I was mainly referring to the various vendor-proprietary cores you run into now and again.
If you think there's much portability between ARMs from different vendors you're in for a rude awakening, the way vendors differentiate themselves is by what value they add on to the part, and that should usually be the primary decision maker, far more so than whether it's MIPS or ARM.
Everything except the peripherals is transferable knowledge. That includes the architecture, the core peripherals, the compiler, the debugger... That is not insignificant.
I agree, it's not insignificant, but it's really pretty minor compared to whether a part is fit for purpose.
We mustn't forget that there are also quite key differences within ARM implementations even within the same vendors, such as cache, varying wait states for different memory, differing memory segmentations, differing and sometimes absurdly complex clock schemes, all of which I'd say you'll encounter before you care about whether it's ARM or MIPS. Even saying "ARM" is a very general term, when we are to consider M0/M3/M4/M7 as well as the Cortex A and Cortex R ARMs.
As an example, say I wanted an on-chip high speed (>10MSa/s) ADC the obvious first port of call might be NXP's LPC4370 ARM Cortex M4F. However, say I want multi channel simultaneous sampling, pretty much the only option is the PIC32MZ EF.
One other facet also sometimes overlooked in device choice is leveraging the existing skill set of your development personnel, and whether there is a reasonable pool of skilled individuals out there to deal with normal churn rate.
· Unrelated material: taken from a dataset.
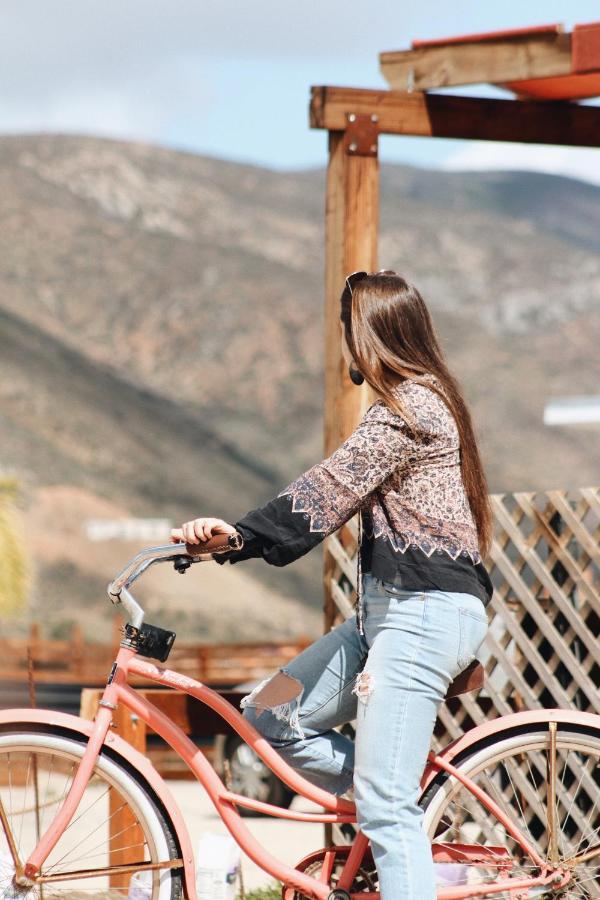 Quintas Marlet En La Ruta Del Vino Ensenada Buitenkant foto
The cost of re-skilling and purchasing new tools is commonly not to be sniffed at. That is also a key reason why I find some vendors' recent examples of pushing proprietary frameworks so baffling, they are placing a extra unnecessary barrier in the way of selling their devices.
So that's why, in my view, the choice of core should be a relatively minor consideration among many others when choosing a device.